May be because of this issue, I see some synchronization failure for some instances in the M-CORD UI. Will continue to work on the same.

Thanks & Regards,
Manoj


#8

Hi All,
I have been working on getting MCORD to run on Arm without openstack. To do this I’m starting by putting up the helm charts for every non-Openstack component to then check for functionality and figure out what holes remain. While doing this I noticed some strange errors coming from the tosca-loader component. The error is different whether I bring up the Helm charts from the tip of master or CORD 6.0 (the latest stable release) but in both cases it complains about being passed in a YAML configuration file. When bringing up the charts for CORD 6.0 the error is the following: Model of class Network and properties {'name': 'management'} has property 'must-exist' but cannot be found. These errors are tricky to catch because eventually kubernetes gives up trying to get tosca-loader to finish succesfully and terminates it which results in a state that looks identical to when it finishes successfully. @Manojawa, have you observed something similar in your deployments? Also, running without Openstack on the tip of master (as opposed to CORD 6.0) gets me a “visible” UI without all the errors we saw on x86. Nevertheless, I still saw some bad configuration file errors coming from tosca-loader.


#9

Actually, I may have lied. The error near the tip of master (adding near because I’m not actually at the current tip) is the same as what I saw on CORD 6. Looking at the error more it may not be a problem with the configuration but could also mean that there is a missing service (e.g. something Openstack related). I would be interested in checking out @Manojawa’s logs for tosca-loader since he is running Openstack.


#10

@Jimmy - I have sent you an email with the logs of tosca-loader container and also a yaml file to start the job manually.
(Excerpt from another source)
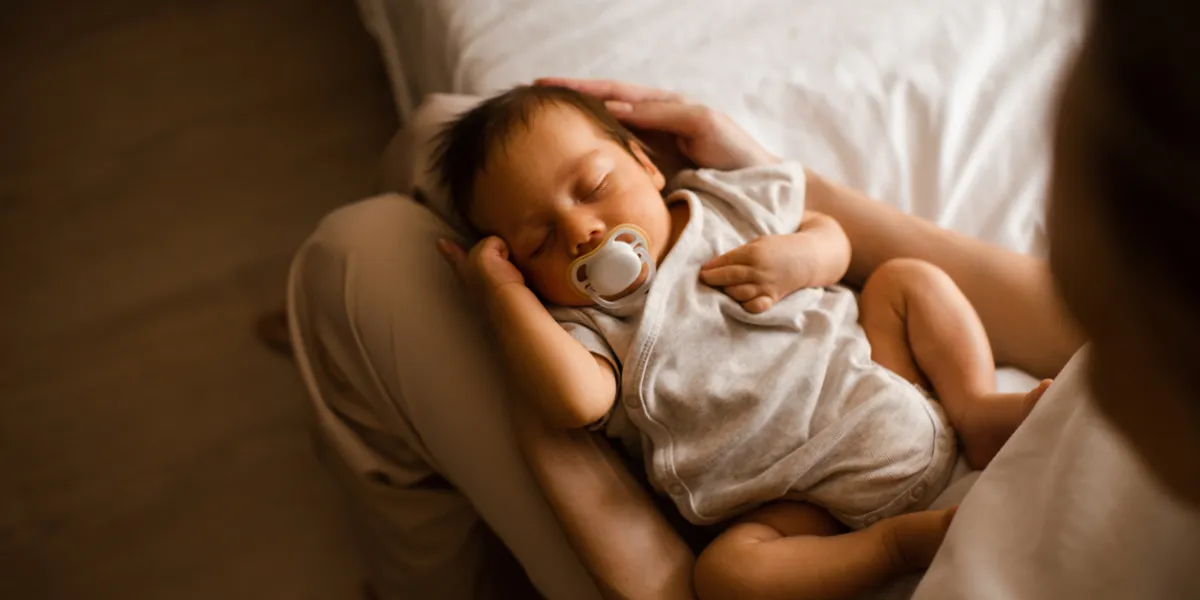 Vers un congé de naissance de trois mois pour les jeunes parents ?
FYI to others in the group - Tosca-loader is a job. When the job is created (during mcord installation), it creates a container, executes the job and closes the container. During one installation, for me also the tosca-loader job failed. I do not remember the exact error, but I restarted the job and it was successful.

Best Regards,
Manoj


#11

Thanks for that explanation @Manojawa!


#12

So the error has been traced back to a dependency on some models loaded by a similar job that is part of their openstack-related container set. After loading that container set the tosca-loader job succeeded. Of course, this will present a new set of problems since I don’t have Openstack running but we’ll get there soon.